The answer consists solely of the lines running from the one with "Petrovietnam/BSR khánh thành" through the final line below, transcribed exactly and without any pictures.

━━ DATA FOR ANALYSIS

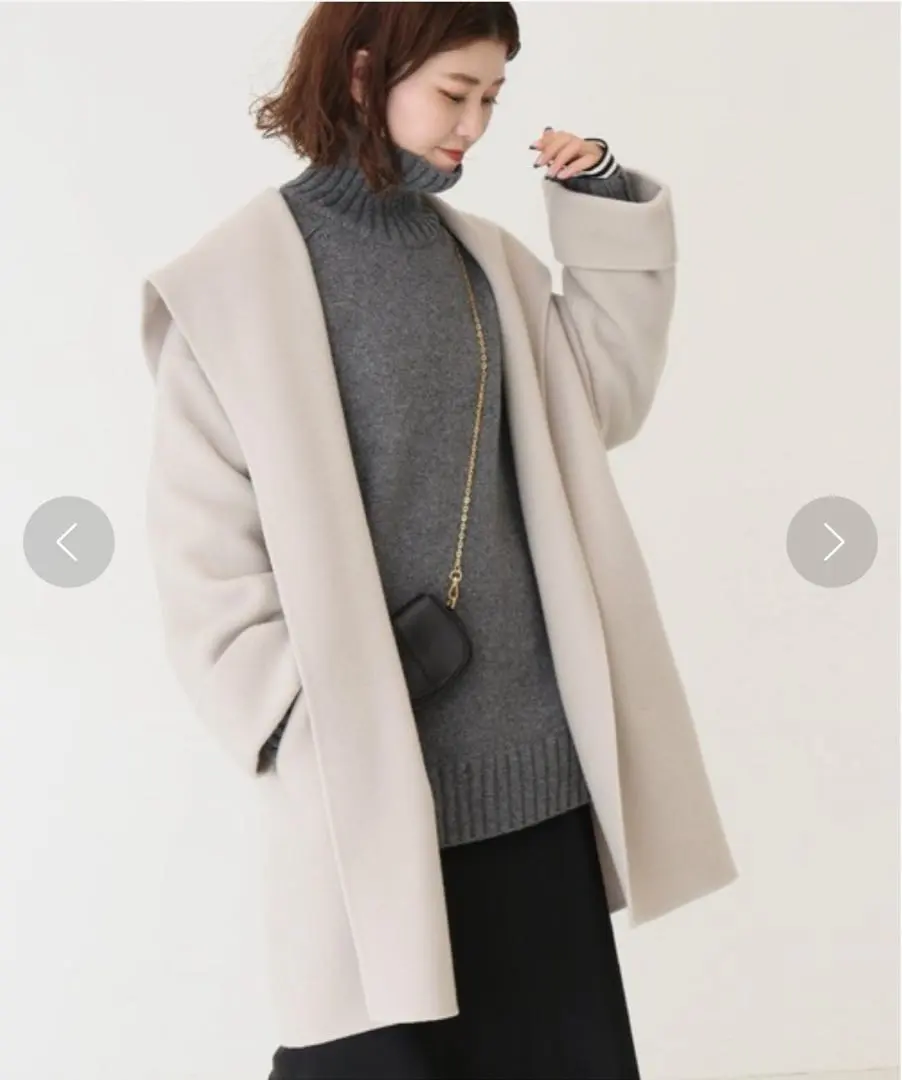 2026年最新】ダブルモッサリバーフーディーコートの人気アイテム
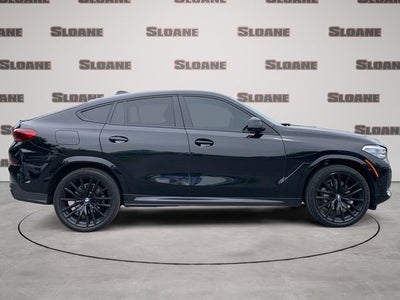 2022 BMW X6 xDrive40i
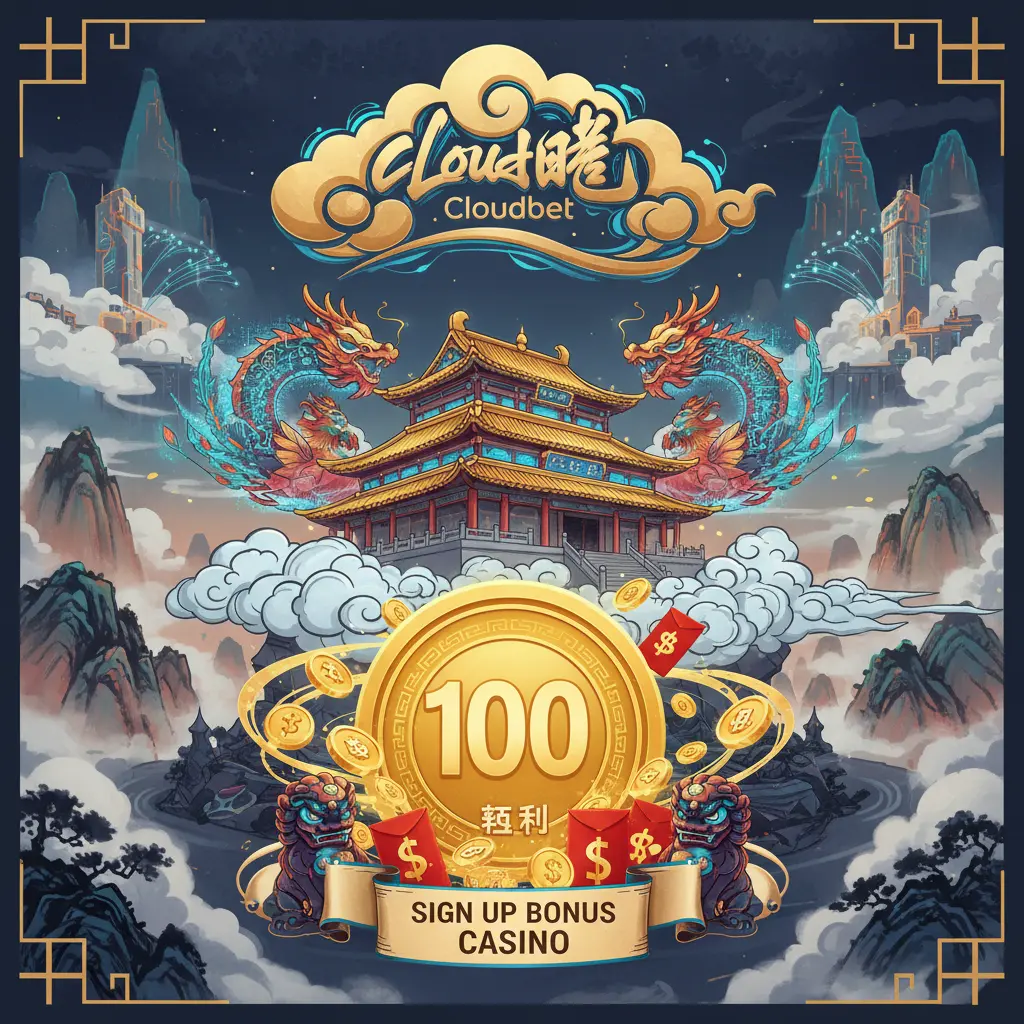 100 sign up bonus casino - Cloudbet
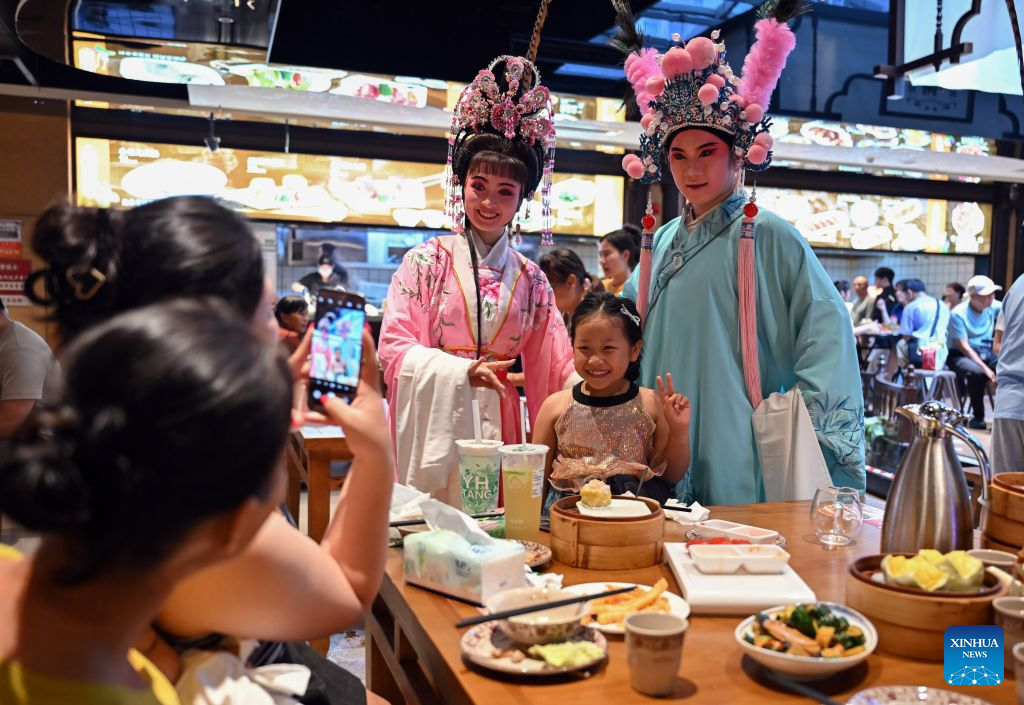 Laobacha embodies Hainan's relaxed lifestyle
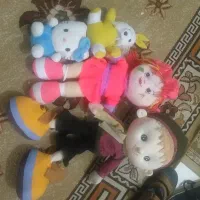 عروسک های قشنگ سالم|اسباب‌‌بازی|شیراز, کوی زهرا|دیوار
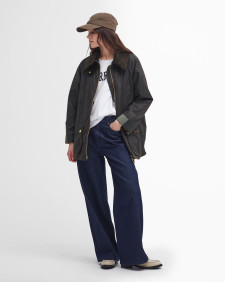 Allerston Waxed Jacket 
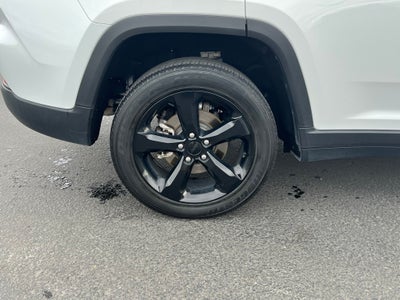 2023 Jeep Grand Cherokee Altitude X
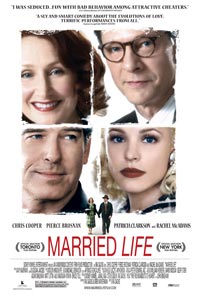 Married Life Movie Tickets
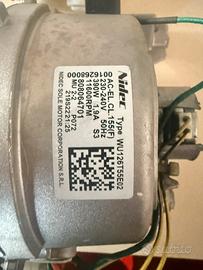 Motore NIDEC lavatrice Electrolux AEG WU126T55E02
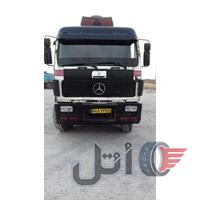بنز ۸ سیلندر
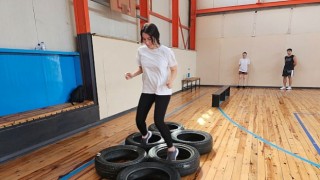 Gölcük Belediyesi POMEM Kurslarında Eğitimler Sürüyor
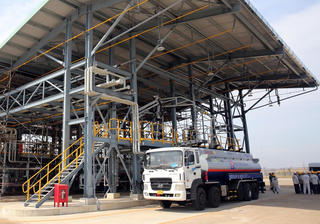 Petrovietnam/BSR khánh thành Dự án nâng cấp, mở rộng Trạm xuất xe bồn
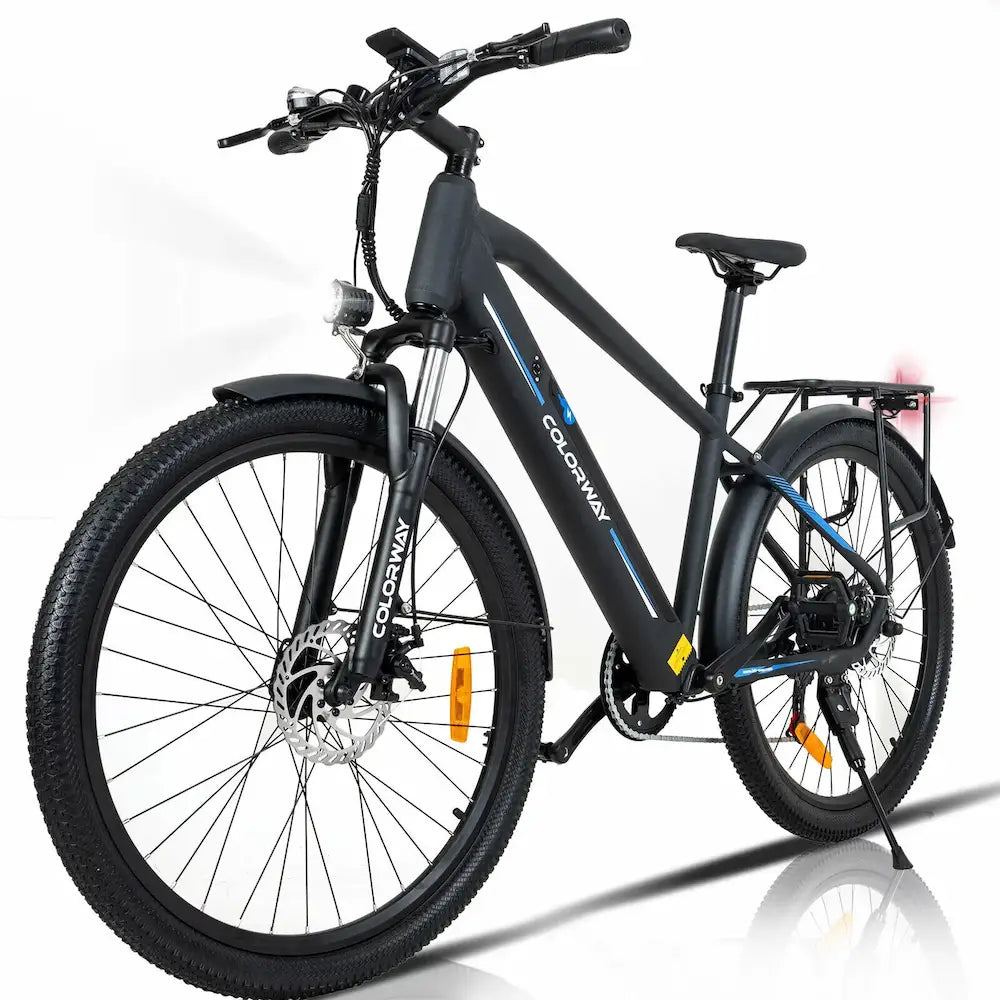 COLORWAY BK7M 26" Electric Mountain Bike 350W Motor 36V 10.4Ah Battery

━━━━

> [FINISHED TASK]
 Petrovietnam/BSR khánh thành Dự án nâng cấp, mở rộng Trạm xuất xe bồn
 COLORWAY BK7M 26" Electric Mountain Bike 350W Motor 36V 10.4Ah Battery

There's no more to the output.